- **Prompt**:
The reply should contain every line of the data, repeated exactly, and no pictures.

Web page caption snippets
━━━━━━
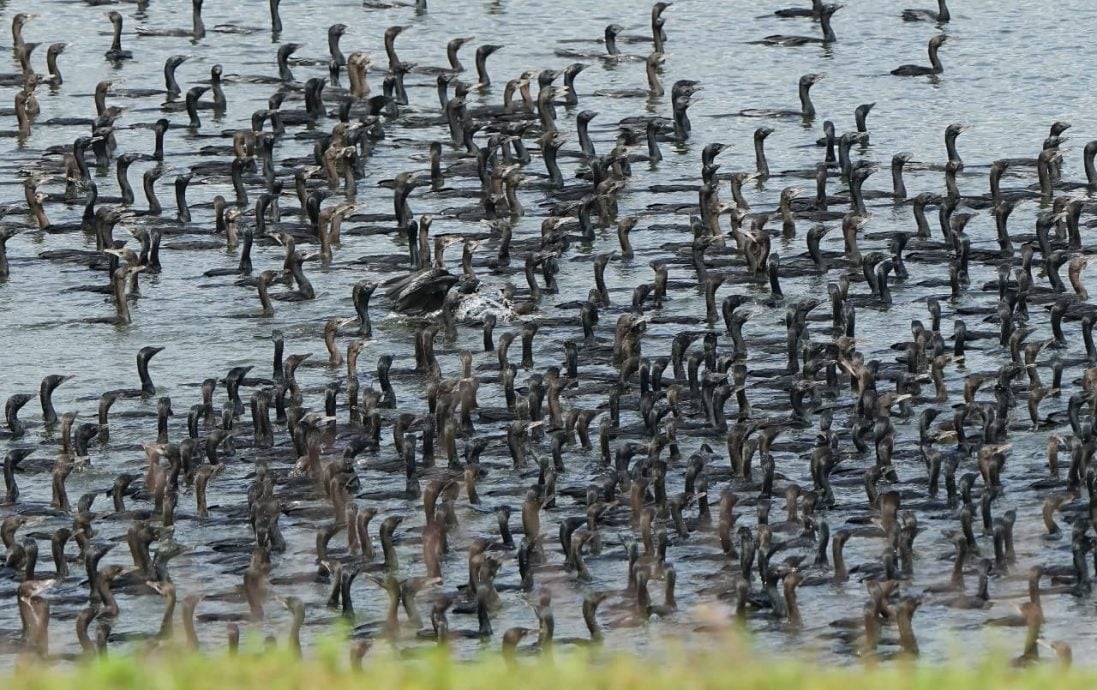 ★30日见报∕乐活频道/82岁的长焦人生 蔡永平拍鸟成日常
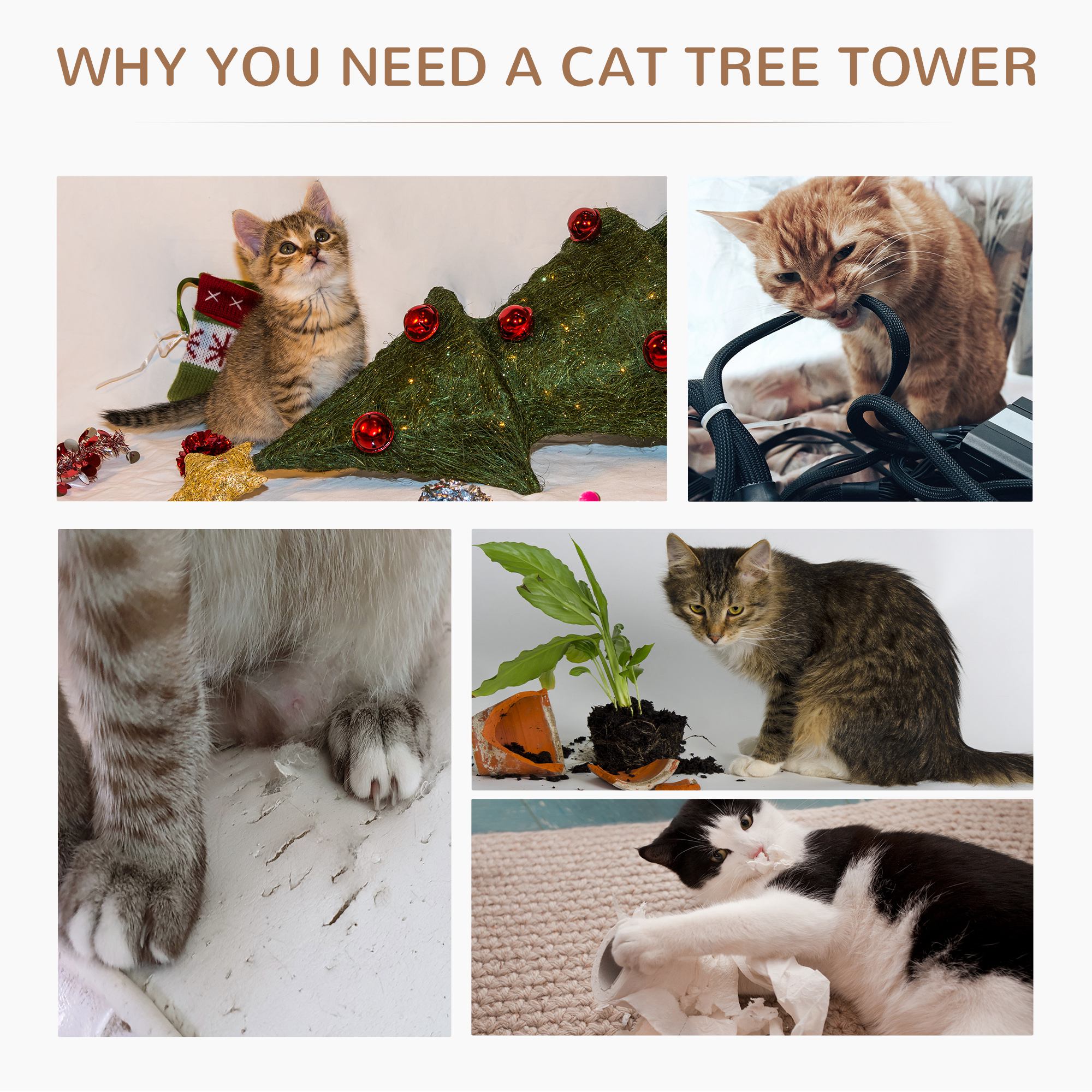 65cm Cat Tree,Cat Tower For Kittens,Small Cat Condo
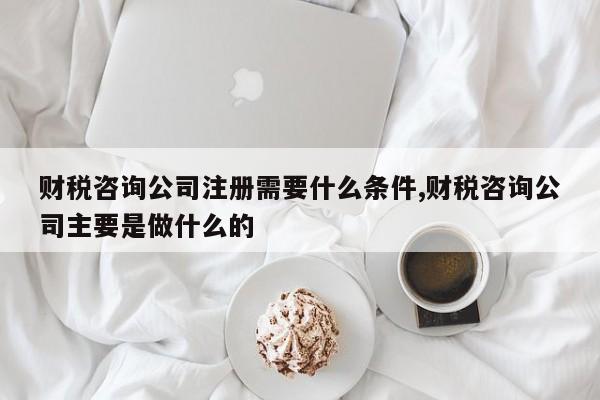 财税咨询公司注册需要什么条件,财税咨询公司主要是做什么的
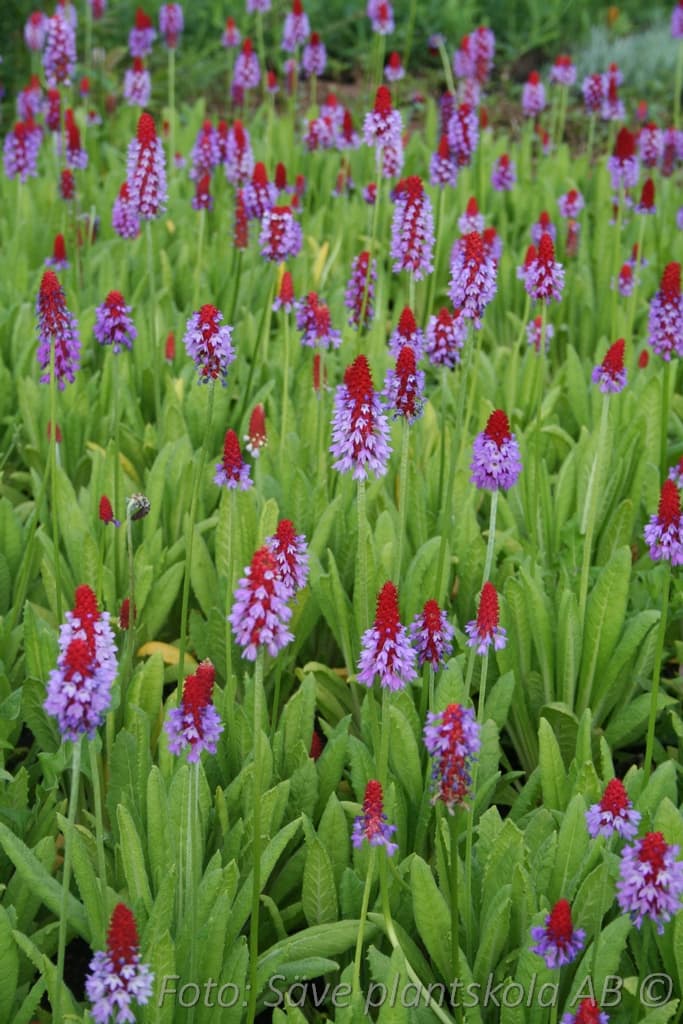 Primula vialii
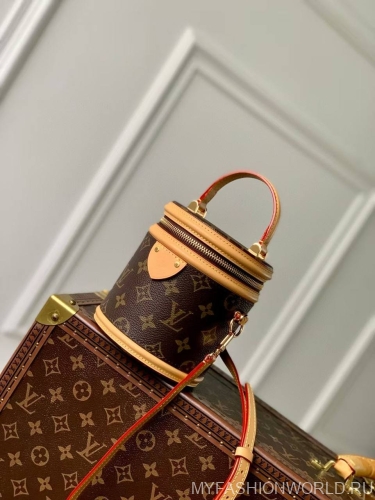 Сумка Louis Vuitton Nano Cannes Monogram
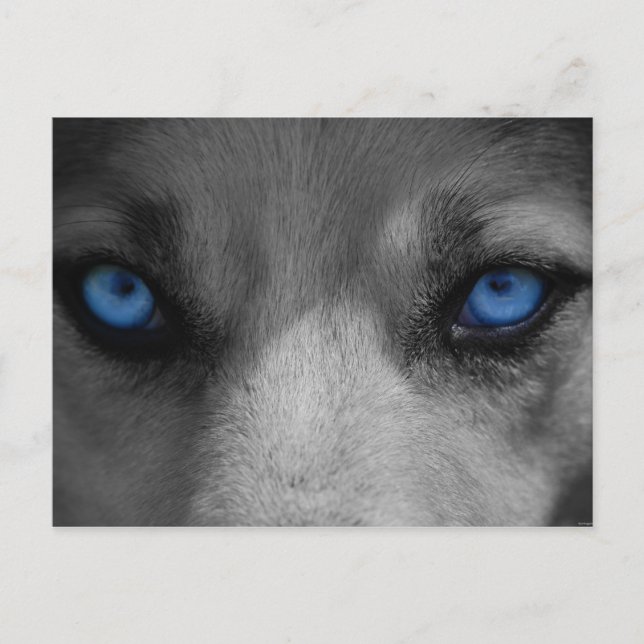 Cartão Postal Wolf Blue Eyes Gothic Fantasy (Frente)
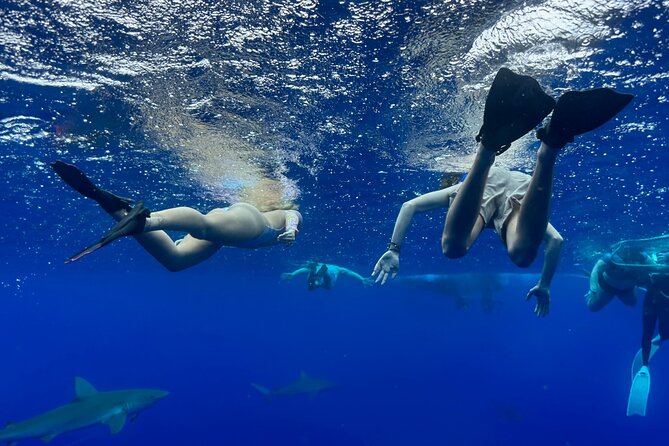 Snorkel with sharks on the North Shore of Oahu - Your First Lesson Is About Safety and Wildlife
━━━━━━
- **Answer to this task**:
 ★30日见报∕乐活频道/82岁的长焦人生 蔡永平拍鸟成日常
 65cm Cat Tree,Cat Tower For Kittens,Small Cat Condo
 财税咨询公司注册需要什么条件,财税咨询公司主要是做什么的
 Primula vialii
 Сумка Louis Vuitton Nano Cannes Monogram
 Cartão Postal Wolf Blue Eyes Gothic Fantasy (Frente)
 Snorkel with sharks on the North Shore of Oahu - Your First Lesson Is About Safety and Wildlife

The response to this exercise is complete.